Microsoft has really changed a lot in the last few years. There was a time when Microsoft was much more protective over allowing consumers to get early glimpses of its products.
When Vista rolled around for commercial release, it just wasn’t well received.
A combination of Vista’s low popularity and the rise of Apple products like iPod meant a rise in Mac Switchers and more people were beginning to doubt Microsoft’s Windows operating system in general.
In order to appeal to customers better, Windows 7’s development was much more publicly shared and throughout the process things like BETAs and RTMs were easily available for testing.
Did these changes make Windows 7 a success? Although Windows 7 was a success for more than just its more ‘open’ sharing with its customers, it certainly didn’t hurt.
Luckily, Microsoft is keeping the same approach up for Windows 8.
Even the pre-BETA (Windows Developer Preview) has been shared, giving developers and curious tech folks like myself an opportunity to see what direction Windows 8 is going in and also help make suggestions as to areas needed for improvement.
This is a win-win situation for Microsoft because it gives people the view that Microsoft is open and wants input, and honestly it also gives Microsoft thousands of free bug testers.
Since releasing Windows Developer Preview, users have made many comments and suggestions that have helped change the way Windows 8 is developing. Part of the complaints had to do with Metro customization, the way Metro works on non-touch systems, and just basic bugs.
Although the time with the pre-Beta is coming to an end (with the BETA expected in the next 1-2 months), if you are interested in helping improve Windows Developer Preview this is as good as time as any.
For those of us already operating Windows Developer Preview, what is the best way to communicate with Microsoft about potential bugs and errors?
There is actually a special tool that you must download to report such bugs.

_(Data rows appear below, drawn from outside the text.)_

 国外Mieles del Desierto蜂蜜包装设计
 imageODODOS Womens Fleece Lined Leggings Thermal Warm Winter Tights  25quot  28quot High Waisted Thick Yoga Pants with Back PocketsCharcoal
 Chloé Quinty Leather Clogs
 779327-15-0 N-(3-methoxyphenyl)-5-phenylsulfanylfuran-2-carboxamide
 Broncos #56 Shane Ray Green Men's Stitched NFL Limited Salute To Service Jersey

To me it seems a little odd that Microsoft didn’t bundle the bug reporting tool with Windows Developer Preview to begin with, but I guess they were trying to minimize bloatware and decided not everyone would want the tool.

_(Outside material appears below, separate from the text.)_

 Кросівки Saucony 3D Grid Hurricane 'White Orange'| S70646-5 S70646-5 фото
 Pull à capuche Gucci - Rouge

Keep in mind that in order to use the tool you will need to first download the “File Transfer Manager” at http://transfers.one.microsoft.com/ftm/default.aspx?target=install.
The actual location for the Feedback Tool is http://connect.microsoft.com/site1147/Downloads/DownloadDetails.aspx?DownloadID=38389.
You may also be asked for an invitation code and so go ahead and use the code MSDN-76H9-3CFP, which was found at the site, My Windows Club.
With Windows Beta coming quickly, reporting bugs now is going to be the best way to ensure the most solid experience possible with the upcoming Beta.
What do you think of the idea of Microsoft having a separate “Feedback Tool?” Should Microsoft have just included the tool in the first place or was the idea of making it separate okay?
Of course so close to the Beta, it might just be better to wait until it arrives instead to get your first taste of Windows 8.